### What to work on
Word for word, set down the listing that appears after this line.

= = = =

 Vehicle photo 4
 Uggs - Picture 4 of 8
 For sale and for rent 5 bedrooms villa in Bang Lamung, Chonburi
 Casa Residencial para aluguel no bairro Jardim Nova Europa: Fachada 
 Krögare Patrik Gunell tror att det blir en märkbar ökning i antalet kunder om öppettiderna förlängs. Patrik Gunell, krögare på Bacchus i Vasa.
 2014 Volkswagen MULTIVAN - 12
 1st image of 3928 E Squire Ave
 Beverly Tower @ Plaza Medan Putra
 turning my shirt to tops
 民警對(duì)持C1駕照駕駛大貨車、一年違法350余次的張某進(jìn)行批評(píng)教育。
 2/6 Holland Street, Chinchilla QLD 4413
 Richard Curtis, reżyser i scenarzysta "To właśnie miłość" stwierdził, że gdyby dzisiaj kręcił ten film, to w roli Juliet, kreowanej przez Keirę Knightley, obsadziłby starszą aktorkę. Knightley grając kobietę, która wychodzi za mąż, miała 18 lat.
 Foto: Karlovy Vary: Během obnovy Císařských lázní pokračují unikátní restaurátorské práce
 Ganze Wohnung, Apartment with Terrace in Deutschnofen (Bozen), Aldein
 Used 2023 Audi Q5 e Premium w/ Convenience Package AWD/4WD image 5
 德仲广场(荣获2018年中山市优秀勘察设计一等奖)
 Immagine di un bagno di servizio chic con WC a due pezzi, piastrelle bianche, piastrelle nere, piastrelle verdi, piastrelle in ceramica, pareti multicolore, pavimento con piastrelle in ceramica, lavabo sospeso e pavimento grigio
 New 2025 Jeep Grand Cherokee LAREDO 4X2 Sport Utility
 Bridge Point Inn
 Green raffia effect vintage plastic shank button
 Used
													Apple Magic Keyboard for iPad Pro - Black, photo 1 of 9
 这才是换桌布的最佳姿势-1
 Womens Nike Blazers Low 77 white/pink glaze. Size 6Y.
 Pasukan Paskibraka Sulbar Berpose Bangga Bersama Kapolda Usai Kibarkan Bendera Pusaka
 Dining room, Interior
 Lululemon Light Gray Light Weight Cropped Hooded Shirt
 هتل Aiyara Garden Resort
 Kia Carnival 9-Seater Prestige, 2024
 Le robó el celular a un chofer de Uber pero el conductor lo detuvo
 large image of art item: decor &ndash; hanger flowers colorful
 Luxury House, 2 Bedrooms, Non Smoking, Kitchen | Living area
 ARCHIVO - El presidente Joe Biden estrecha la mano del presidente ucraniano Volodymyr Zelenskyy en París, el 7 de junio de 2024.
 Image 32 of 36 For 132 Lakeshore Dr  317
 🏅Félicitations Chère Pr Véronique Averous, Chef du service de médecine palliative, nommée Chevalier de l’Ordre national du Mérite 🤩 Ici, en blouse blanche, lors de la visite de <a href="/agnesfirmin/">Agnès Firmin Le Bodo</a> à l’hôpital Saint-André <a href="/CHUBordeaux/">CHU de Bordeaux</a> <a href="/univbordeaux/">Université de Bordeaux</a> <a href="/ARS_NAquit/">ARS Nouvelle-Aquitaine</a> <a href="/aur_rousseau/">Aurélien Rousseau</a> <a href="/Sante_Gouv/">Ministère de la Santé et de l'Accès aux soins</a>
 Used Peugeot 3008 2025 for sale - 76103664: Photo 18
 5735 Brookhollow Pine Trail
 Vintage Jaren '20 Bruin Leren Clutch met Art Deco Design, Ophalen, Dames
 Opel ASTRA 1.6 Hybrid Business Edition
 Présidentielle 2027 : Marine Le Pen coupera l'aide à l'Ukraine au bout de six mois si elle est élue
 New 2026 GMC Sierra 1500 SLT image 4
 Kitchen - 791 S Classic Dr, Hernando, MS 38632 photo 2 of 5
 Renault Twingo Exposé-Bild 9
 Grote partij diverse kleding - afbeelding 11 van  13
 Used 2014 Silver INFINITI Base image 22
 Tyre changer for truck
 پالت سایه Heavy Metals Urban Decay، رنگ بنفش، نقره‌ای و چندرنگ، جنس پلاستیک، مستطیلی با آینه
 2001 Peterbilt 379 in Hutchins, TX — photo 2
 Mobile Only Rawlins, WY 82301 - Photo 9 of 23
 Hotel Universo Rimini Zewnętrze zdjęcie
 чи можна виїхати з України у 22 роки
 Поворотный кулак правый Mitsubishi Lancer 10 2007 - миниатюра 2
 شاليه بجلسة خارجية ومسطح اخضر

= = = =

### Completed task
 Vehicle photo 4
 Uggs - Picture 4 of 8
 For sale and for rent 5 bedrooms villa in Bang Lamung, Chonburi
 Casa Residencial para aluguel no bairro Jardim Nova Europa: Fachada 
 Krögare Patrik Gunell tror att det blir en märkbar ökning i antalet kunder om öppettiderna förlängs. Patrik Gunell, krögare på Bacchus i Vasa.
 2014 Volkswagen MULTIVAN - 12
 1st image of 3928 E Squire Ave
 Beverly Tower @ Plaza Medan Putra
 turning my shirt to tops
 民警對(duì)持C1駕照駕駛大貨車、一年違法350余次的張某進(jìn)行批評(píng)教育。
 2/6 Holland Street, Chinchilla QLD 4413
 Richard Curtis, reżyser i scenarzysta "To właśnie miłość" stwierdził, że gdyby dzisiaj kręcił ten film, to w roli Juliet, kreowanej przez Keirę Knightley, obsadziłby starszą aktorkę. Knightley grając kobietę, która wychodzi za mąż, miała 18 lat.
 Foto: Karlovy Vary: Během obnovy Císařských lázní pokračují unikátní restaurátorské práce
 Ganze Wohnung, Apartment with Terrace in Deutschnofen (Bozen), Aldein
 Used 2023 Audi Q5 e Premium w/ Convenience Package AWD/4WD image 5
 德仲广场(荣获2018年中山市优秀勘察设计一等奖)
 Immagine di un bagno di servizio chic con WC a due pezzi, piastrelle bianche, piastrelle nere, piastrelle verdi, piastrelle in ceramica, pareti multicolore, pavimento con piastrelle in ceramica, lavabo sospeso e pavimento grigio
 New 2025 Jeep Grand Cherokee LAREDO 4X2 Sport Utility
 Bridge Point Inn
 Green raffia effect vintage plastic shank button
 Used
													Apple Magic Keyboard for iPad Pro - Black, photo 1 of 9
 这才是换桌布的最佳姿势-1
 Womens Nike Blazers Low 77 white/pink glaze. Size 6Y.
 Pasukan Paskibraka Sulbar Berpose Bangga Bersama Kapolda Usai Kibarkan Bendera Pusaka
 Dining room, Interior
 Lululemon Light Gray Light Weight Cropped Hooded Shirt
 هتل Aiyara Garden Resort
 Kia Carnival 9-Seater Prestige, 2024
 Le robó el celular a un chofer de Uber pero el conductor lo detuvo
 large image of art item: decor &ndash; hanger flowers colorful
 Luxury House, 2 Bedrooms, Non Smoking, Kitchen | Living area
 ARCHIVO - El presidente Joe Biden estrecha la mano del presidente ucraniano Volodymyr Zelenskyy en París, el 7 de junio de 2024.
 Image 32 of 36 For 132 Lakeshore Dr  317
 🏅Félicitations Chère Pr Véronique Averous, Chef du service de médecine palliative, nommée Chevalier de l’Ordre national du Mérite 🤩 Ici, en blouse blanche, lors de la visite de <a href="/agnesfirmin/">Agnès Firmin Le Bodo</a> à l’hôpital Saint-André <a href="/CHUBordeaux/">CHU de Bordeaux</a> <a href="/univbordeaux/">Université de Bordeaux</a> <a href="/ARS_NAquit/">ARS Nouvelle-Aquitaine</a> <a href="/aur_rousseau/">Aurélien Rousseau</a> <a href="/Sante_Gouv/">Ministère de la Santé et de l'Accès aux soins</a>
 Used Peugeot 3008 2025 for sale - 76103664: Photo 18
 5735 Brookhollow Pine Trail
 Vintage Jaren '20 Bruin Leren Clutch met Art Deco Design, Ophalen, Dames
 Opel ASTRA 1.6 Hybrid Business Edition
 Présidentielle 2027 : Marine Le Pen coupera l'aide à l'Ukraine au bout de six mois si elle est élue
 New 2026 GMC Sierra 1500 SLT image 4
 Kitchen - 791 S Classic Dr, Hernando, MS 38632 photo 2 of 5
 Renault Twingo Exposé-Bild 9
 Grote partij diverse kleding - afbeelding 11 van  13
 Used 2014 Silver INFINITI Base image 22
 Tyre changer for truck
 پالت سایه Heavy Metals Urban Decay، رنگ بنفش، نقره‌ای و چندرنگ، جنس پلاستیک، مستطیلی با آینه
 2001 Peterbilt 379 in Hutchins, TX — photo 2
 Mobile Only Rawlins, WY 82301 - Photo 9 of 23
 Hotel Universo Rimini Zewnętrze zdjęcie
 чи можна виїхати з України у 22 роки
 Поворотный кулак правый Mitsubishi Lancer 10 2007 - миниатюра 2
 شاليه بجلسة خارجية ومسطح اخضر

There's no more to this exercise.